Run the next code cell to setup the interactive session:

In [None]:
%additional_python_modules great_expectations
%glue_version 3.0
%number_of_workers 2

Once you run the cell, the interactive session will be configured to use Glue 3.0, allocate 2 DPUs and install the Great Expectations package. Feel free to add or modify this setup as you like. The interactive session will not be created until we execute some code. Let’s start the session by running the following code cell to import some standard Glue libraries:

In [None]:
import sys
from awsglue.transforms import *
from awsglue.utils import getResolvedOptions
from pyspark.context import SparkContext
from awsglue.context import GlueContext
from awsglue.job import Job

sc = SparkContext.getOrCreate()
glueContext = GlueContext(sc)
spark = glueContext.spark_session
job = Job(glueContext)


## 1. Create a Data Context

For the sake of simplicity, we will create the Great Expectations Data Context in-memory using an Amazon S3 bucket as the store backend. The following example shows a Data Context configuration with a Spark datasource using the new AWS Glue Catalog Data Connector. Refer to the [following documentation](https://docs.greatexpectations.io/docs/guides/setup/configuring_data_contexts/how_to_instantiate_a_data_context_without_a_yml_file#2-pass-this-datacontextconfig-as-a-project_config-to-basedatacontext) for a better understanding.

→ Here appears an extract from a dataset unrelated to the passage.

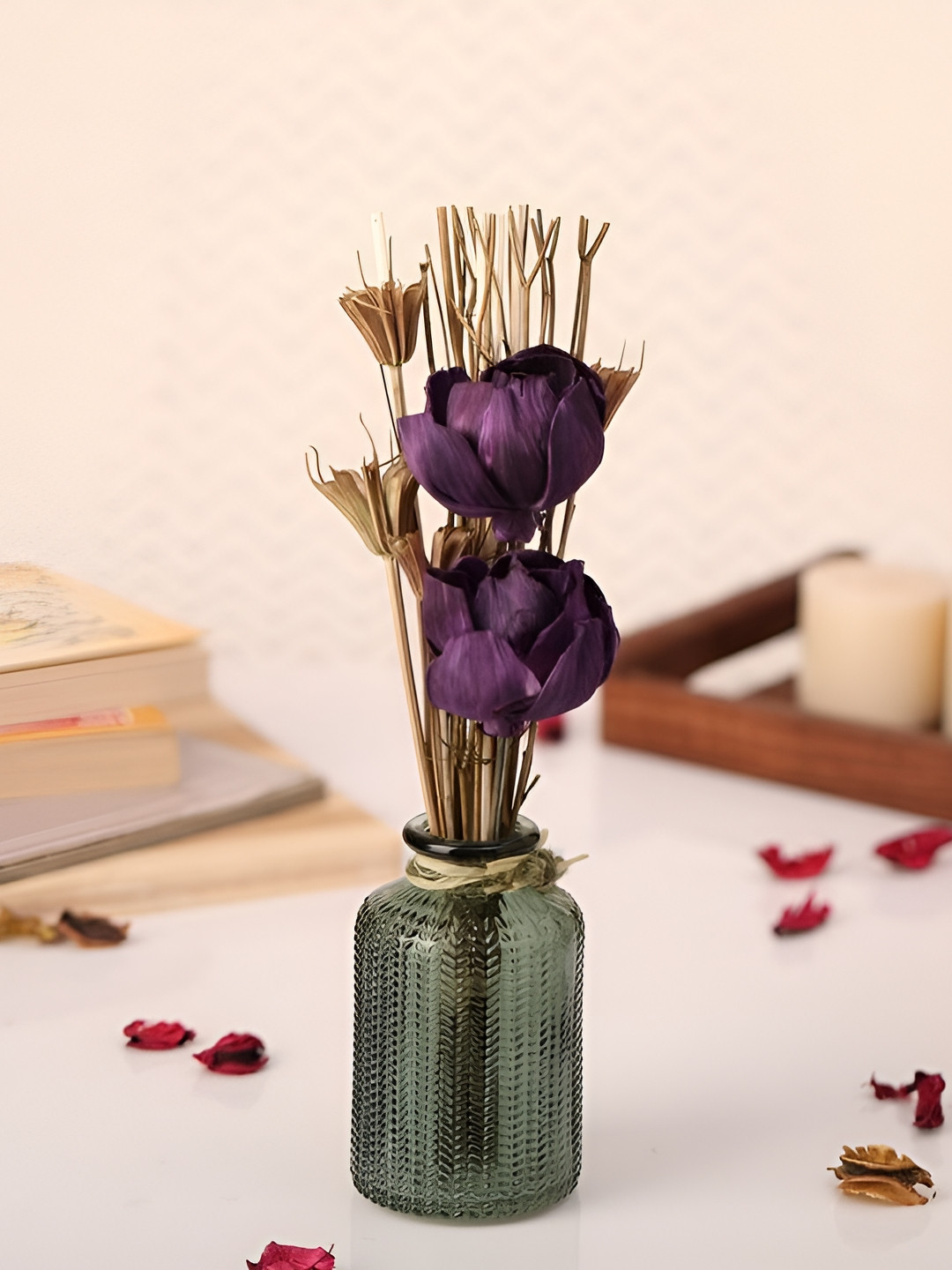 Decor de Maison Lavender Sherrie Floral Lavender Aromatic Showpiece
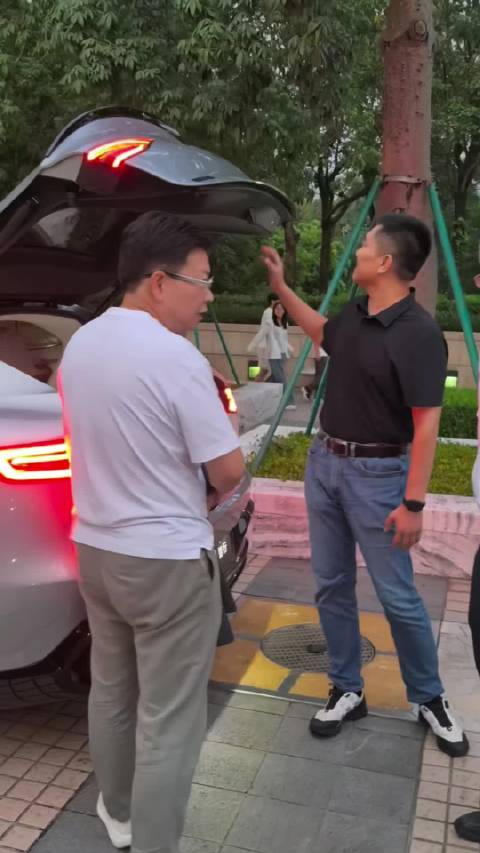 网友在华为坂田基地偶遇余总和尹总…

Run the following cell to create the Data Context:


In [None]:
from great_expectations.data_context.types.base import DataContextConfig, DatasourceConfig, S3StoreBackendDefaults
from great_expectations.data_context import BaseDataContext

data_connectors = {
    "Runtime": {
        "class_name": "RuntimeDataConnector",
        "batch_identifiers": ["batch_id"]
    },
    "InferredGlue": {
        "class_name": "InferredAssetAWSGlueDataCatalogDataConnector"
    },
    "ConfiguredGlue": {
        "class_name": "ConfiguredAssetAWSGlueDataCatalogDataConnector",
        "assets": {
            "nyc_trip_data_asset": {
                "table_name": "tb_nyc_trip_data",
                "database_name": "db_ge_with_glue_demo"
            }
        }
    }
}

glue_data_source = DatasourceConfig(
    class_name="Datasource",
    execution_engine={
        "class_name": "SparkDFExecutionEngine",
        "force_reuse_spark_context": True,
    },
    data_connectors=data_connectors
)

metastore_backed = S3StoreBackendDefaults(default_bucket_name="great-expectations-glue-demo-<AWS_ACCOUNT_ID>-us-east-1")

data_context_config = DataContextConfig(
    datasources={"GlueDataSource": glue_data_source},
    store_backend_defaults=metastore_backed,
)

context = BaseDataContext(project_config=data_context_config)

Now that we have a DataContext, we can check for the available data assets that the AWS Glue Data Connector was able to get from the Glue Catalog. Run the following code to get a list of available data assets:

In [None]:
from pprint import pprint

pprint(context.get_available_data_asset_names())

If you have deployed the provided terraform code into you AWS account, you shall see that the InferredGlue connector returned the table *db_ge_with_glue_demo.tb_nyc_trip_data*. This table was created as part of the solution deployment. If you have more tables in the Glue Catalog, this connector shall output all of them. 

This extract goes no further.